La gran Lima que nos acoge, tan llena de atoro de autos y gente circulando de un lado a otro; con una población de millones de habitantes y recorridos largos, muy largos, se presta a la nostalgia por lo pequeño. Ante lo desmesuradamente grande, se añora -como lo hace Thibon- por lo cercano, los espacios verdes, el calor del hogar, lo sano y artesanal. Volver a estar en contacto con el prójimo y reconciliados con el entorno, es un deseo que nace del hondo del alma. Y no le falta razón a nuestro autor cuando aboga por “volver a entrar en contacto con las dos grandes realidades con las que ningún artificio interfiere: la naturaleza, obra de Dios, y Dios mismo. Al realismo pagano, que nos vincula a la creación, hay que añadir el realismo cristiano, que nos une al Creador”. Ojos abiertos, pues, para no dejar que el asfalto ahogue a la naturaleza en sus aromas, sabores y texturas; ni que la prisa y la técnica empobrezcan el espíritu.

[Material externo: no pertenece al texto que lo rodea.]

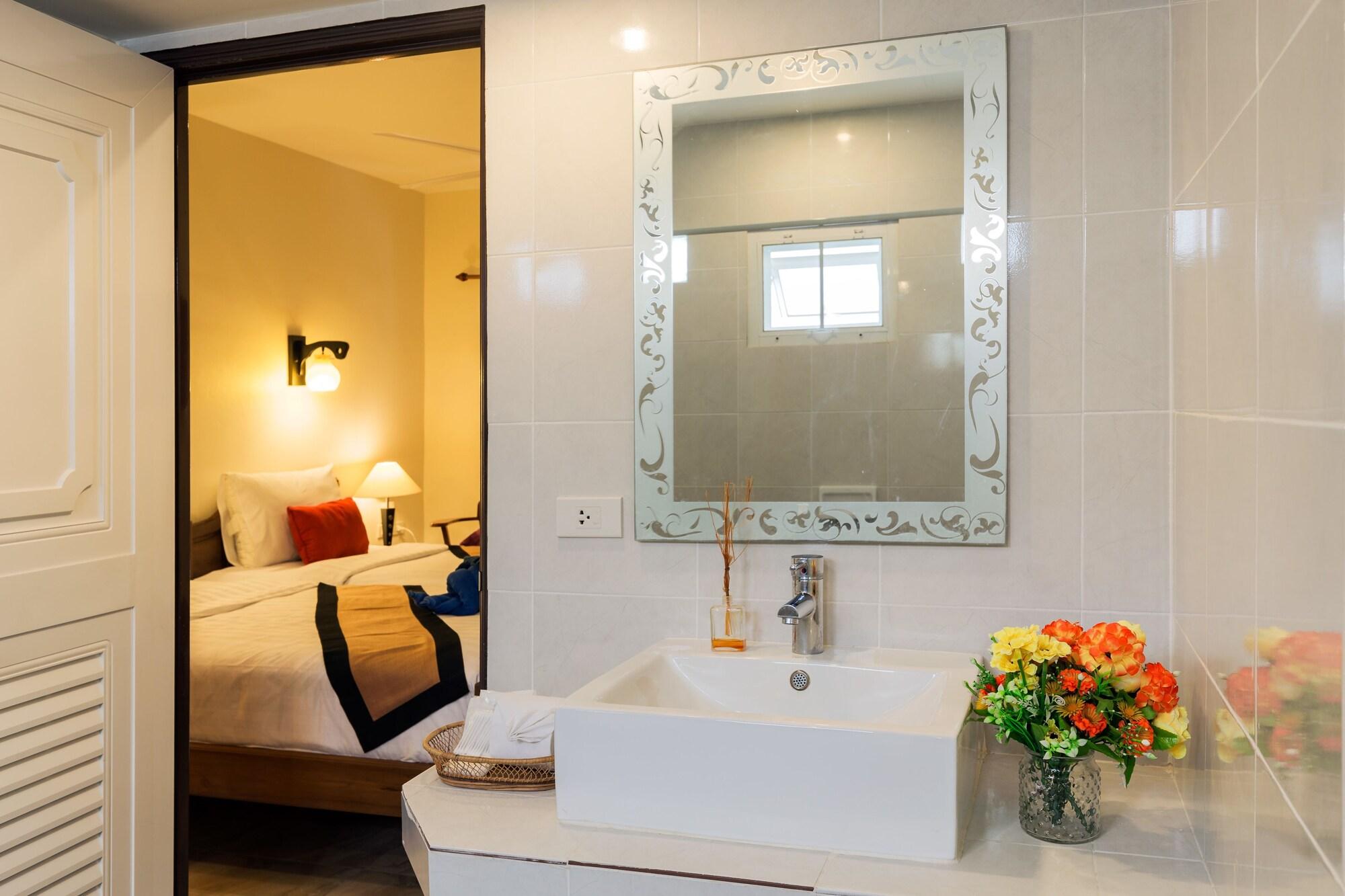 Hotel Batic House By Sharaya 3*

El homo faber requiere del homo sapiens para que las creaciones de la técnica no roboticen la calidez de las relaciones interpersonales. La persona sabia “no es la que resuelve —o cree resolver— los problemas, sino la que cava en ellos y, al cavar, ve el misterio infinito que encierran”. Fineza de espíritu para cavar con paciencia a fin de despejar el ripio que oculta el misterio de lo real. Tener la capacidad de discurrir para encontrar las causas de los problemas y, asimismo, la capacidad de meditar para contemplar pacientemente la realidad. Darle vueltas a los destellos que manifiesta, deteniéndose en la verdad revelada. Esfuerzo para acceder a las capas más profundas de lo real. Inmersión para asombrarse ante la intimidad personal que nos muestra el prójimo.

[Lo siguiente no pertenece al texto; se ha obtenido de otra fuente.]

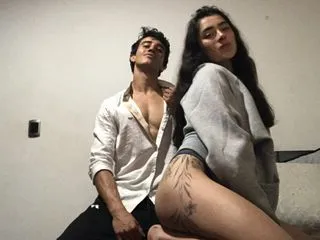 to watch sex live show of webcam model FreiAndJhon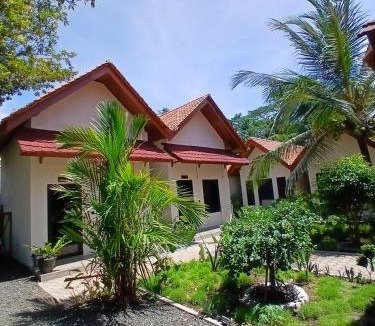 Batu Karas Bed & Breakfast | Mini Village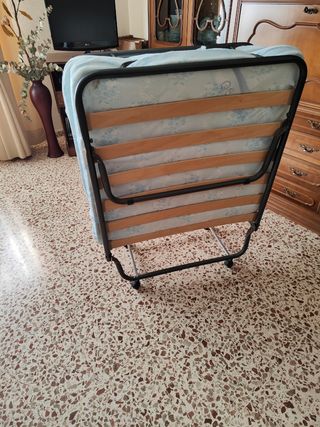 Cama plegable con ruedas, colchón 185x80cm - Metal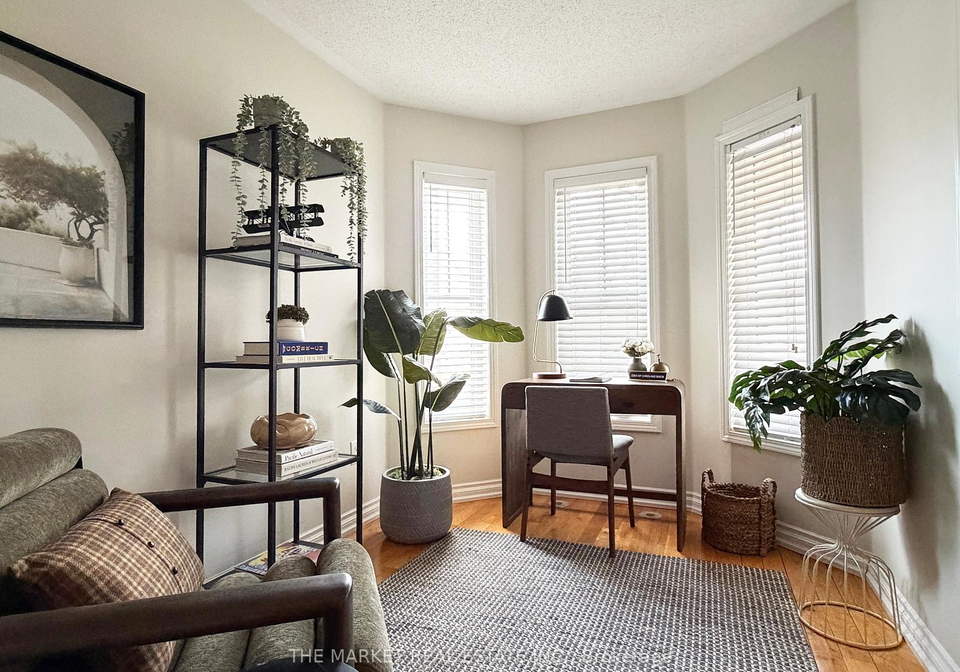 688-rayner-court-milton-ontario-w12696730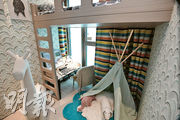 其中一個睡房設計成小童房，以叢林為主題。（楊柏賢攝）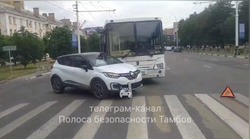 Ошибка водителя Рено отправила в больницу пятерых людей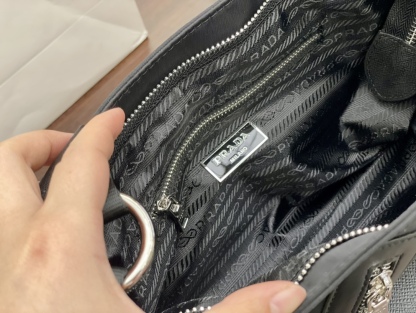 P style Vintage Shouder Bags-Luxeon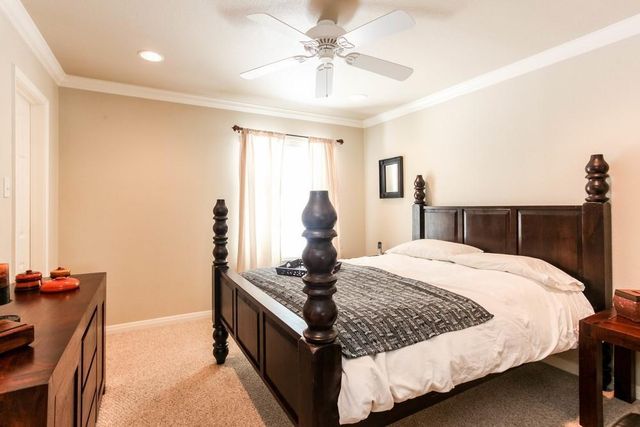 1500 E East Side DR 117-A, Austin, TX 78704
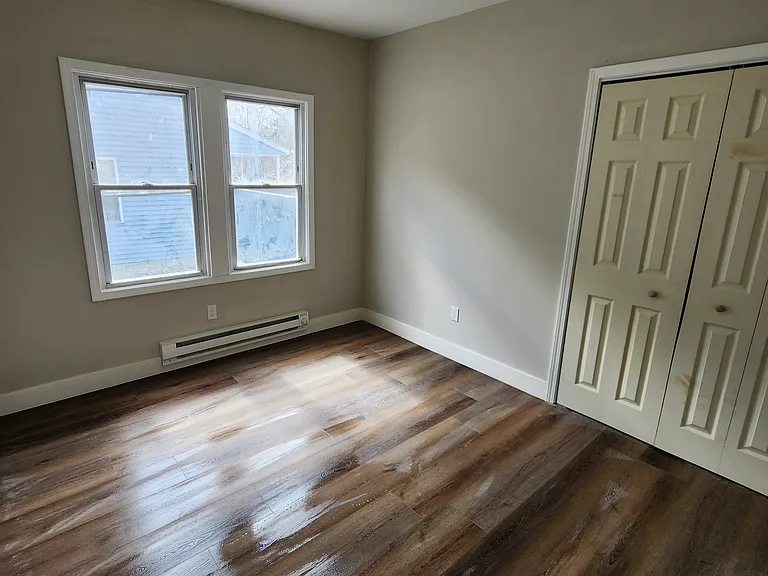 2987 E 128th St #1-4 — Photo 3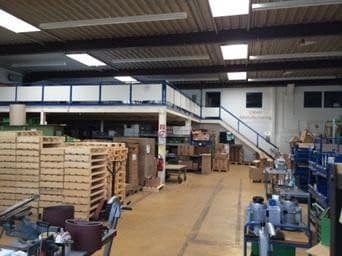 Pronájem nebytového prostoru 696 m², Planckstraße 9, Vaihingen an der Enz, Bádensko-Württembersko Pronájem nebytového prostoru 696 m², Planckstraße 9, Vaihingen an der Enz, Bádensko-Württembersko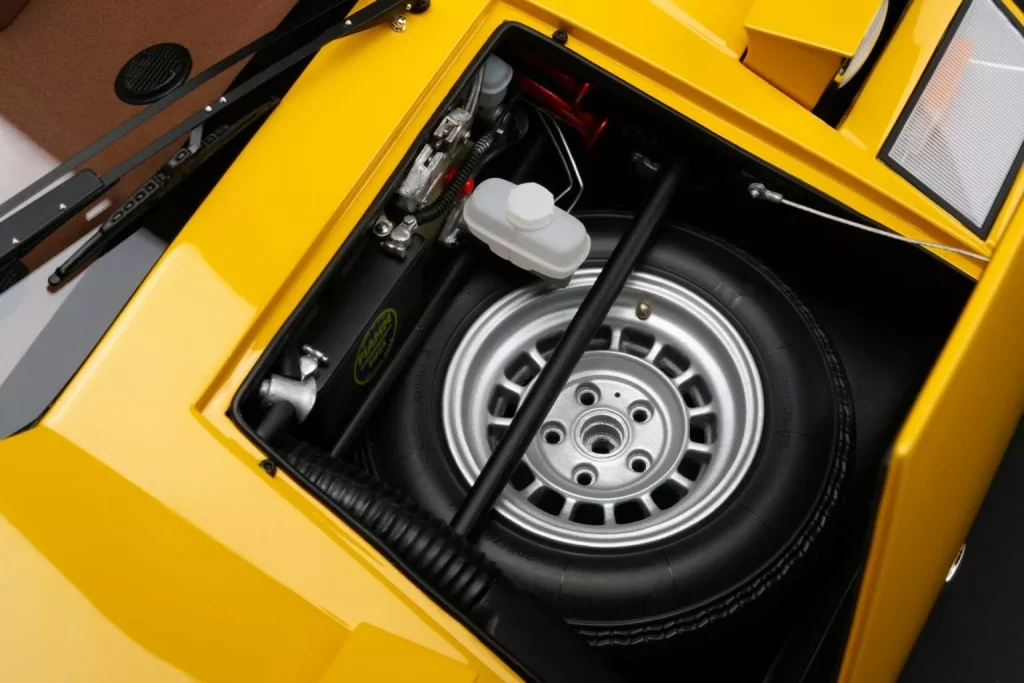El Lamborghini Countach regresa a la gama de Amalgam Collection. Y no es el único 9 Motor16 2024 Lamborghini Countach Revuelto Amalgam Collection 7 Motor16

“Ninguna conquista del pasado es definitiva -afirma Thibon-, ninguna promesa de futuro es segura; podemos perderlo todo constantemente aquí en la tierra, y es precisamente de esta incertidumbre de donde sacamos nuestro valor y nuestra esperanza”. Cada generación no sólo recibe un patrimonio material y moral de quienes la antecedieron, ha de volver, también, a ponerlo en valor. Hay logros y fracasos en el camino de la humanidad. Llegan los éxitos, pero no suelen ser definitivos. La fragilidad de nuestras hechuras es una realidad. Y quien dice fragilidad de las obras, piensa, asimismo, en la vulnerabilidad de la existencia humana.
¿Quedarse estancados en las añoranzas o lanzarse a toda prisa a los vientos del progreso? Thibon propone salvar este dilema por elevación y dice: “la diferencia entre conservadurismo y progresismo es más bien como la que existe entre la calma y la tempestad: la calma no permite que el barco avance, pero la tempestad lo hace naufragar o girar en círculos, lo que no es mejor. Esta es mi conclusión: la situación actual del mundo nos muestra claramente la necesidad urgente de volver a los fundamentos de la civilización. No es casualidad que la crisis de la cultura vaya acompañada de una crisis paralela de la fe religiosa”. Una crisis manifestada en el deterioro ético, observable en ambos hemisferios, para cuya sanación ni la política ni la economía tienen los remedios. Nuestro tiempo, más que técnicas y sistemas, pide más espíritu y eternidad, hondura y trascendencia.